U.S. Rep. Mike Bost, R-Murphysboro, whose 12th Congressional District includes East St. Louis, called the city’s murder rate “heartbreaking.”

In a town where the unemployment rate is 7.1 percent — twice the national average — people can be killed for a few dollars in their pocket, such as a man delivering medicine to his elderly mother, a McDonald’s manager walking to work, or a great-grandmother kidnapped, robbed of her bingo winnings and stuffed into her trunk and burned to death.

Economic development could ease the murder rate and provide hope to residents, Bost said.

“To stop the violence, economic opportunity should be brought back to East St. Louis to keep people busy and working,” Bost said.

But Bost acknowledged economic development efforts could be stunted by the city’s violence.

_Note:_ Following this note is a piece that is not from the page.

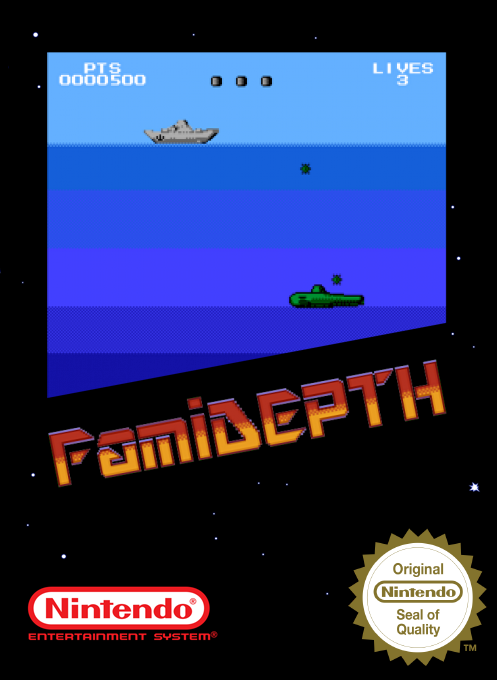 FamiDepth box art
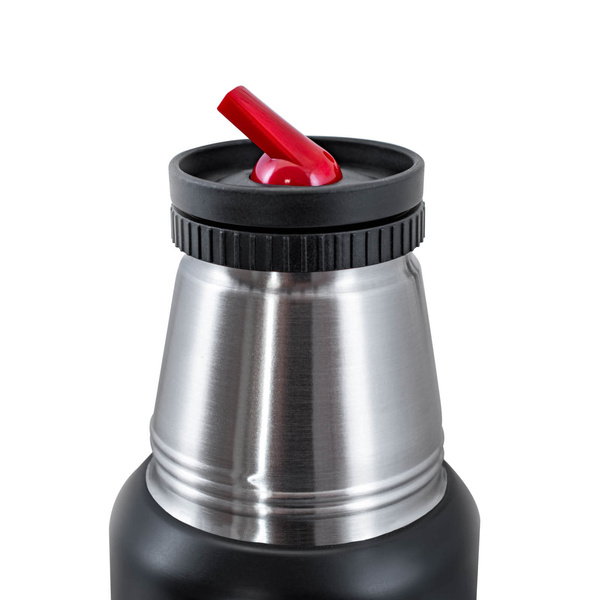 Thermos Cebador Largoinox 1,2 L – noir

Durbin, a longtime advocate of the city, had this to say nearly a decade ago:

“Residents of East St. Louis suffer from one of the highest violent crime and homicide rates in the country. It’s not a new problem, but it’s a problem that demands a new solution. The people living in and raising their families in this community deserve better. As an East St. Louis native, it pains me to see my old home town in such extreme distress,” Durbin said in 2011.

And that doesn’t seem to have changed much in eight years.

“We're far from where we need to be in terms of gun violence In East St. Louis or even in Chicago for that matter, and there are things that we can do to make things better. First we've got to start to give people an alternative view of their future. So that it isn't a matter of, gangs, and drugs and crime. And that means creating some hope,” Durbin said last month.

Even with the violence and poverty, people who live there remain appreciative of East St. Louis, NAACP President Franklin said.

“I don’t think this is a hopeless situation. There are good things here,” he said. “You tend to have pride in your hometown. That’s very true here. East St. Louis is known as the City of Champions. We want this place to rise again. Looking down the road, we have an opportunity for a bright future.”

Repeated calls and written questions hand-delivered to Mayor Emeka Jackson and the four members of the City Council went unanswered.

Police responded to an East St. Louis home, where a husband and wife were found dead with two small children inside in 2012. May 5 2012.
Credit Derik Holtmann | BND
Police responded to an East St. Louis home, where a husband and wife were found dead with two small children inside in 2012.

Afternoon snacks and gunfire

Mothers wear T-shirts with the images of their dead sons and daughters and a wish for eternal peace. Fathers tattoo their murdered children’s names on their arms and chests.

The effects of murder and violent crime on children in the city are profound and pervasive, experts said.

“When I would talk to a school group from a rural area and ask ‘Do you know anyone who has been affected by crime?’ I might have one hand go up,” said Morrisey, the former state police captain. “But when I ask a group of kids from East St. Louis the same question, every hand in the class goes up.”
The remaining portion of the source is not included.